In case you’ve performed round with ChatGPT in any respect, you know the way spectacular (and terrifying) AI could be. ChatGPT can generate absolutely anything you ask it to, with prompts as easy or as advanced as you may consider. Properly, Google has found out how you can do the identical. However slightly than spit out poems or pc applications, Google’s AI writes music, and you may preview its creations proper now.
Google’s AI, dubbed MusicLM, is designed to supply a number of minutes of high-quality music primarily based on textual content prompts. Whereas AI music isn’t essentially new, the corporate claims its program produces tracks which might be extra correct to the preliminary textual content immediate and are higher high quality than earlier fashions. Massive claims, after all. However, primarily based on these previews, they may simply dwell as much as them.
The primary batch demonstrates how MusicLM can generate music from wealthy captions, just like how OpenAI’s ChatGPT generates its well-known responses from consumer requests. Google can feed MusicLM a caption, akin to, “The primary soundtrack of an arcade recreation. It’s fast-paced and upbeat, with a catchy electrical guitar riff. The music is repetitive and simple to recollect, however with sudden sounds, like cymbal crashes or drum rolls,” and the AI will course of a monitor that meets these standards.
My private favourite from this part is the track generated from “Funky piece with a powerful, danceable beat and a distinguished bassline. A catchy melody from a keyboard provides a layer of richness and complexity to the track” on the second web page, which seems like one thing out of Stardew Valley.
The place uncanny valley actually units in, although, is every time Google asks MusicLM to supply vocals. Lots of Google’s examples right here have AI vocals, and whereas a few of them sound “computerish” for lack of a greater phrase, others sound a bit too near dwelling. Once you hear with the total information that the voice is 100% synthetic, it’s a bit unsettling. Google even requested MusicLM to generate a rap monitor, and, to be sincere, the “rapping” is eerily real looking, even when not one of the phrases they’re rapping are actual.
G/O Media might get a fee
The Lyma Supplement
10 ingredients. One super-supplement.
Lyma makes the next generation of supplements—peer-reviewed and formulated to unlock your potential.
If you really want to be creeped out, scroll down to the “Text and Melody Conditioning.” Here, you can hear a series of voices and instruments doing their best with different melodies, and the results are wild. The very first option sees MusicLM humming “Bella Ciao,” and it sounds way too good. Side note: The “Tribal drums and flute” version is giving White Lotus.

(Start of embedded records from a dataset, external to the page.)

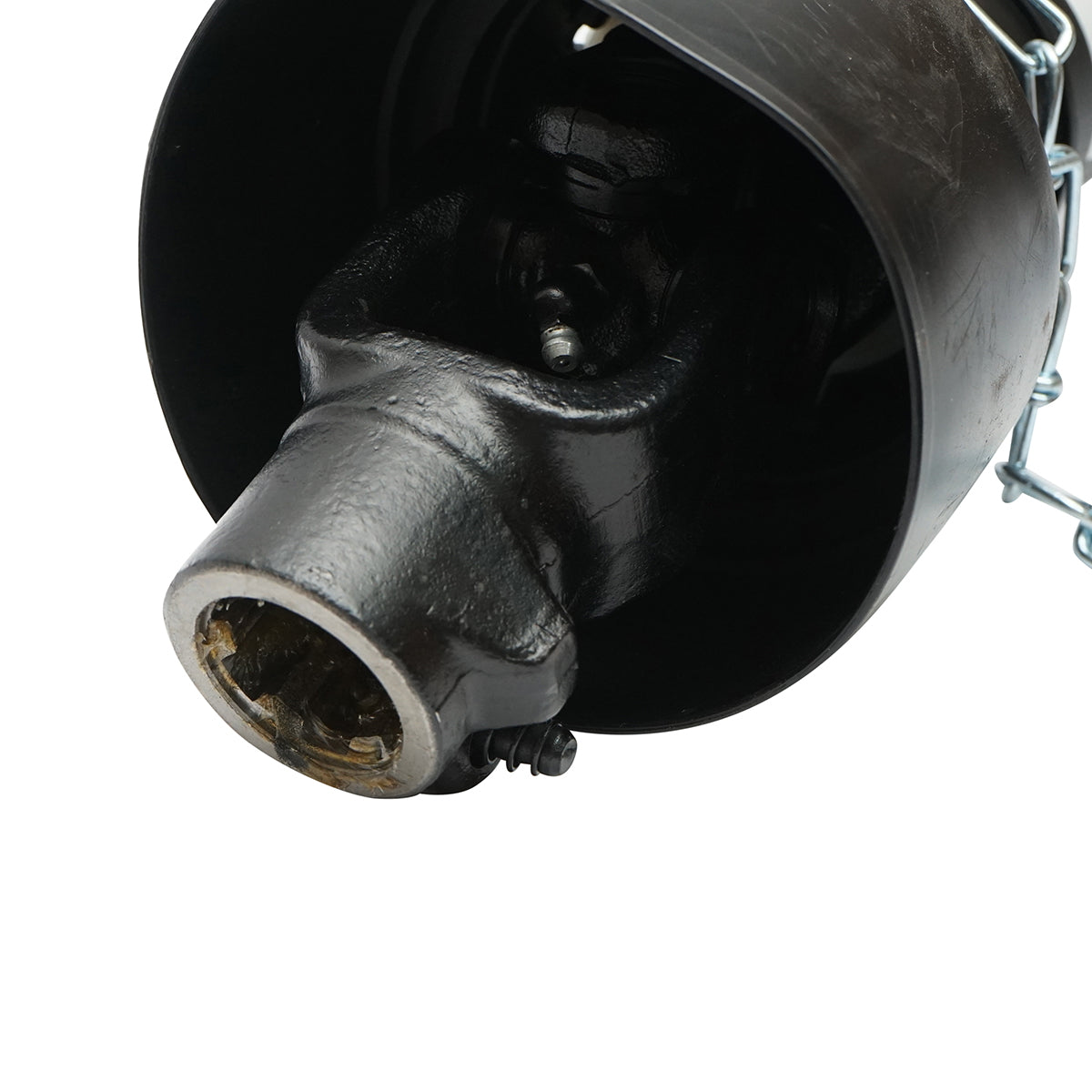 Kardántengely 650 mm, T2 L2, citrom alakú csővel (belső 34/40 mm, külső 41/48 mm), 1 3/8" Z=6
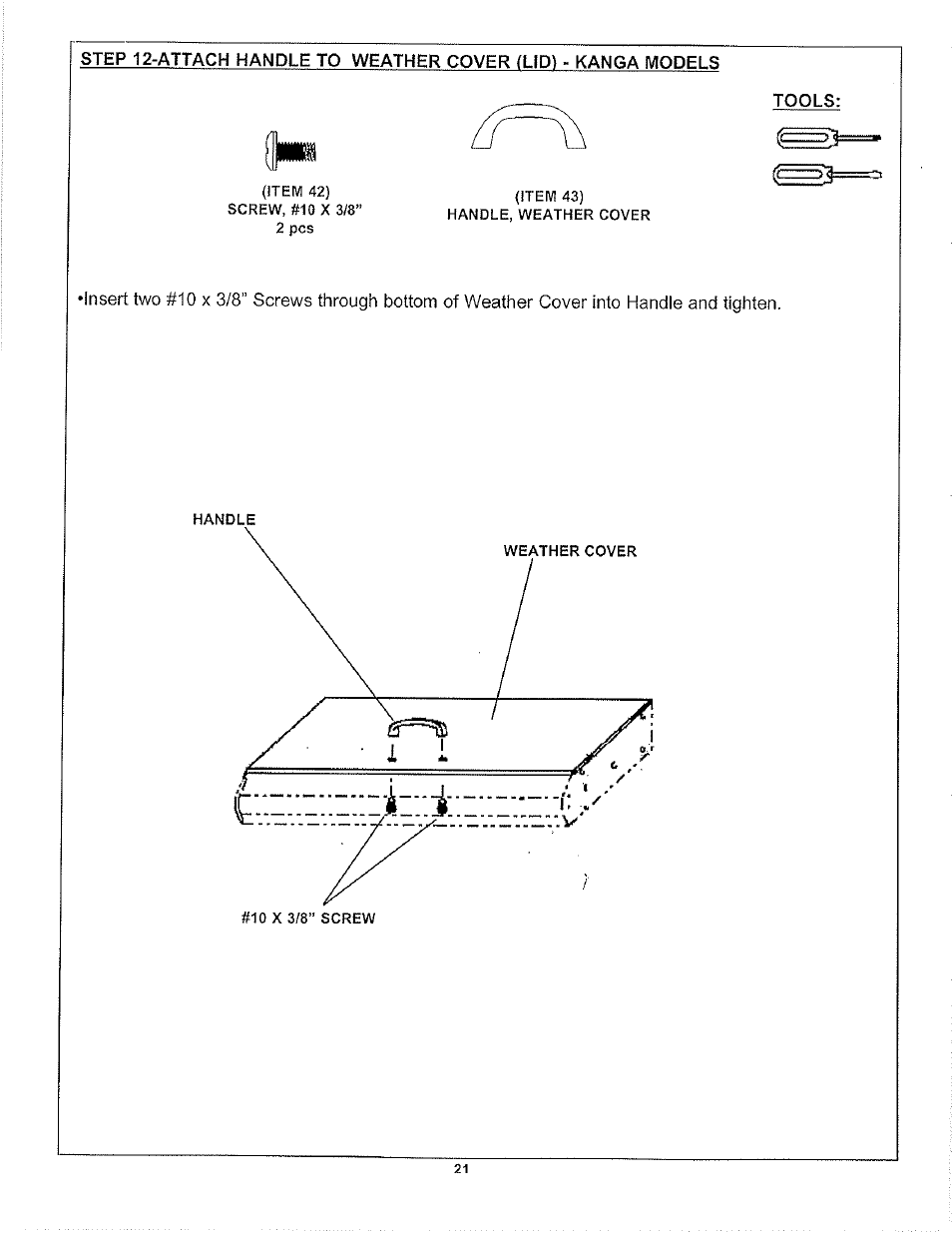 Ilkiii | Aussie LP 7462 User Manual | Page 21 / 36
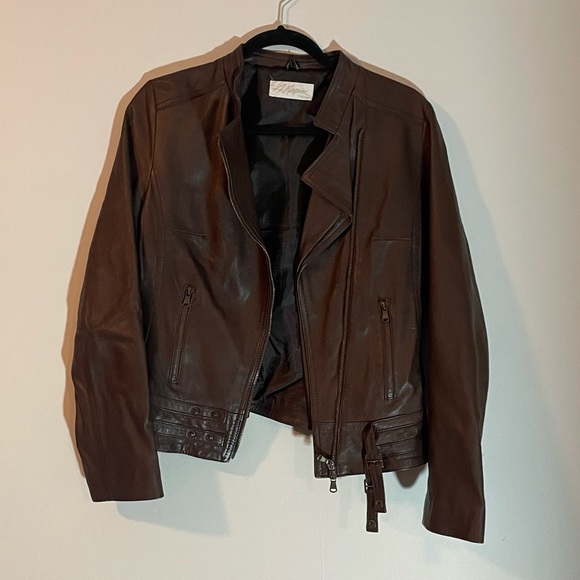 Italian leather jacket - Picture 3 of 7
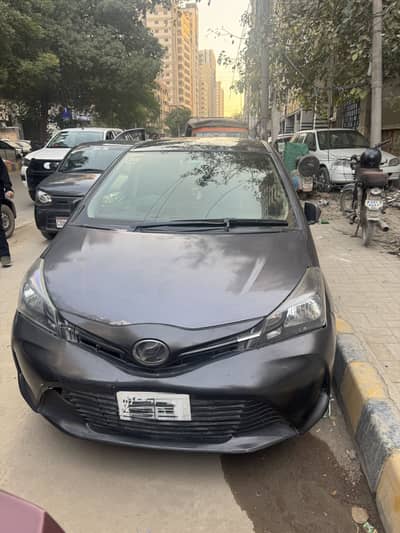 Toyota vitz spider shape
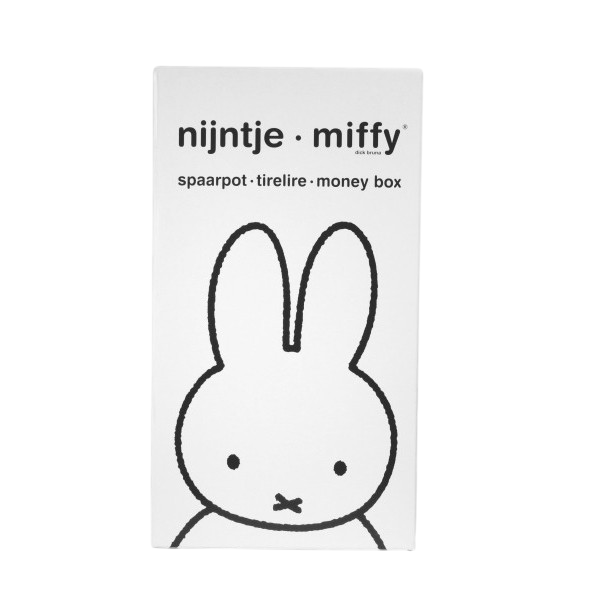 Miffy Spardose gross - Weiss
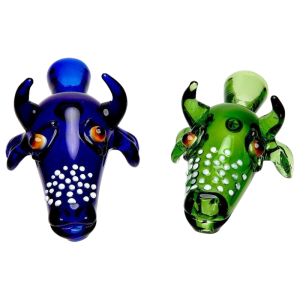 3'' BUFFALO COLOR TUBE CHILLUM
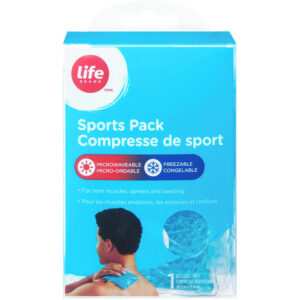 Life Sports Pack - Reusable Hot and Cold Therapy Sports Pack
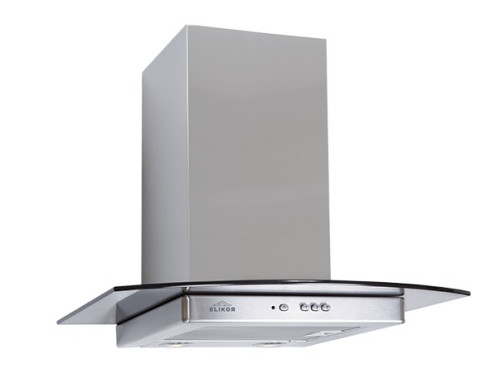 Вытяжка Elikor (Эликор) Кристалл 60 нержавейка (430) кп тонир.
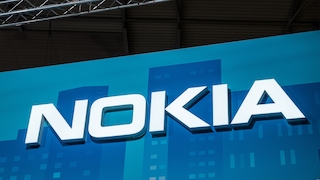 Nokia-Schriftzug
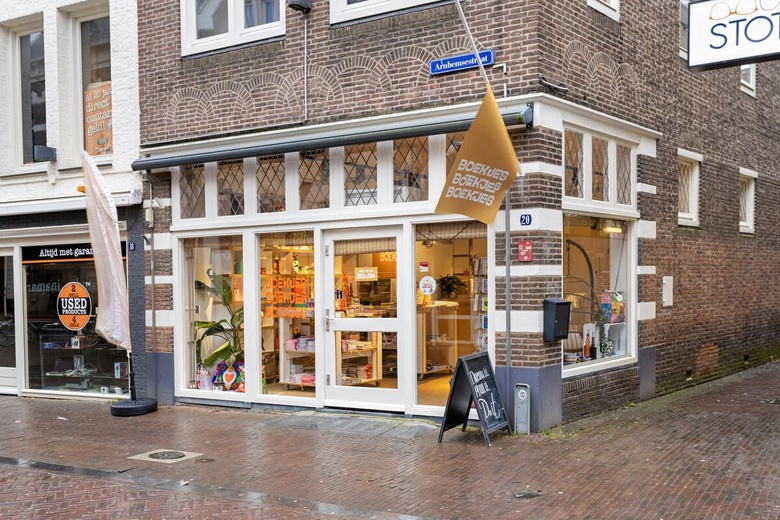 WinkelruimteaanArnhemsestraat 20<br/> inAmersfoort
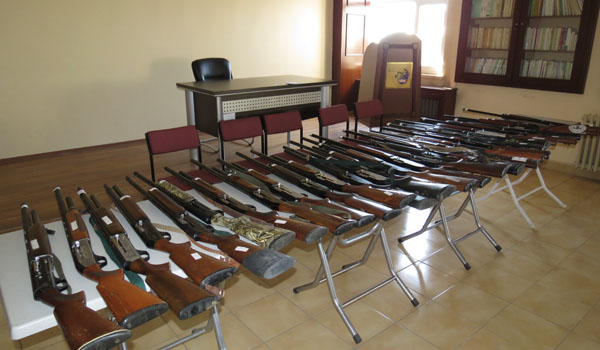 KAÇAK AVCILARA GEÇİT YOK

We also have “Long Generation,” which produces five-minute long tracks from short descriptions, like “melodic techno” or “relaxing jazz.” But things get really interesting with “Story Mode.” Google feeds MusicML multiple captions, and the AI adjusts the song based on the given caption. It starts with 15 seconds based on “time to meditate,” before the caption switches to “time to wake up.” The music smoothly changes in tune, as if it was starting up a new verse, with some creepy vocals to boot.
Creepy vocals aside, it’s fascinating to see the AI alter the song without having to change the song. For the most part, it incorporates the new caption into the song, without feeling like you’re jumping into a new tune altogether. It’s particularly impressive with the third example, which sees the AI jump from “pop song” to “rock song” to “death metal song.” While “rock song” doesn’t particularly sound like rock, “death metal song” is simply fantastic. I imagine AI Death will be a big hit with metal heads.
Another interesting experiment Google did was feed MusicLM descriptions of famous paintings to see what music it would produce. If you ever wanted to know what Vincent Van Gogh’s “The Starry Night” would sound like as a song, well, now’s your chance. It’s also fascinating to click through how MusicLM generates specific instrument and genre sounds. The electric guitar is on point, as is “British Indie Rock,” complete with a dramatic turn at the end of the preview.
There’s more to explore from this limited preview of MusicLM, too, from “Accordion Solos” to comparing different results from the same prompt. Google also published a 15-page analysis piece on MusicLM, should you’re involved in studying the technical particulars of the system. Whereas I hope the corporate releases a beta for the general public to strive, searching by way of these samples is the following smartest thing.